A partir daqui é fácil "disparar os gatilhos" dos veredictos acusatórios: desumano, crime, atitude inqualificável da mãe... só para ficar pelos "eufemismos" e pelo mais "soft".

É-me difícil encontrar uma explicação (diferente das justificações) para que alguém (mãe, pai, whatever) consiga ter a "coragem" (repito, "coragem") para abandonar um filho, muito mais uma criança com 21 dias de vida. Não é fácil... mas não é fácil porque não consigo transportar-me para contextos, vivências, realidades, sobrevivências nos quais, por sorte, pelo destino ou pelo(s) rumo(s) da vida não vivi, pelos quais não passei (felizmente).
Por desconhecer e não conseguir racionalizar essa "coragem" (volto a repetir... "coragem"), não consigo igualmente apontar o dedo ao que entendo ser um acto de desespero e, tal como muitas vezes referido por muita gente, um acto de amor.

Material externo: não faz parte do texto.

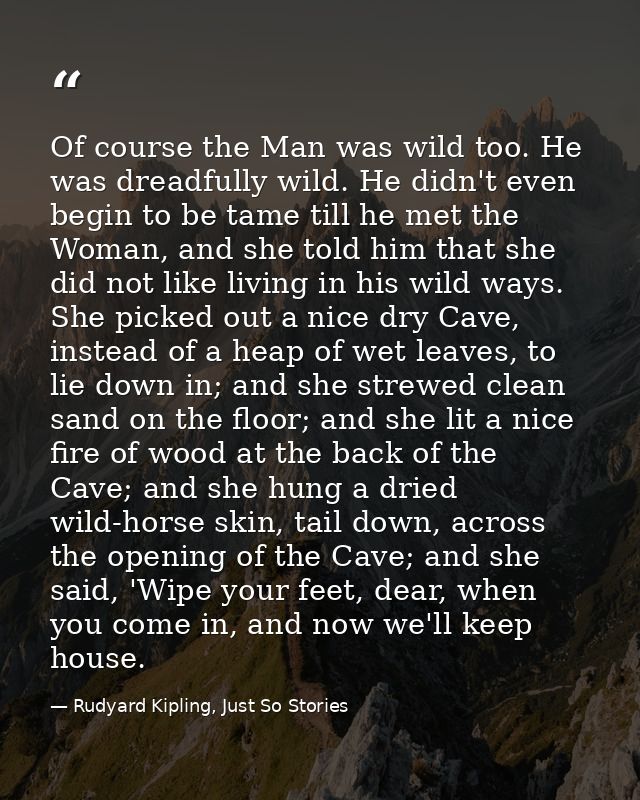 Of course the Man was wild too. He was dreadfully wild. He didn't even begin to be tame till he met the Woman, and she t — Rudyard Kipling, Just So Stories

É muito fácil... demasiado fácil... hipócrita até que, atrás de um teclado de um computador ou de um smartphone (daqueles de 300/400/500 ou muitos mais euros), num bom sofá frente à televisão, bem abrigados deste temporal pré-outonal, enquanto o filho ou a filha se entretêm com o Canal Panda, se debitem as maiores barbaridades sancionatórias em relação a uma mãe, de 25 anos, que por desespero, por desconhecimento de soluções sociais - ou porque as mesmas lhe fecharam a porta - apenas pensou numa sobrevivência e num crescimento dignos e num melhor futuro para o seu filho.

E quando lemos a carta que acompanhava a alcofa do bebé, escrita, curiosamente, na primeira pessoa... levamos um murro no estômago.

E se não é fácil (para não dizer "quase impossível") conseguir perceber como é possível haver a coragem para o acto, é muito mais fácil perceber que tudo falhou: falhou uma sociedade que não soube ser solidária, nem "vizinha"; falharam as instituições (particulares e públicas) que, por omissão ou decisão, não se mostraram disponíveis, atentas e devidamente conhecidas para desempenharem o seu papel e agirem; e falhou o Estado na sua missão Social.
Sim... falhámos TODOS NÓS! Como em tantas outras vezes, sem conseguirmos aprender e refazer os repetidos (demasiadamente repetidos) erros.

Curiosamente (ou não) a única que "aprendeu" foi a própria mãe que ontem se apresentou às autoridades confessando e confirmando os factos e os actos.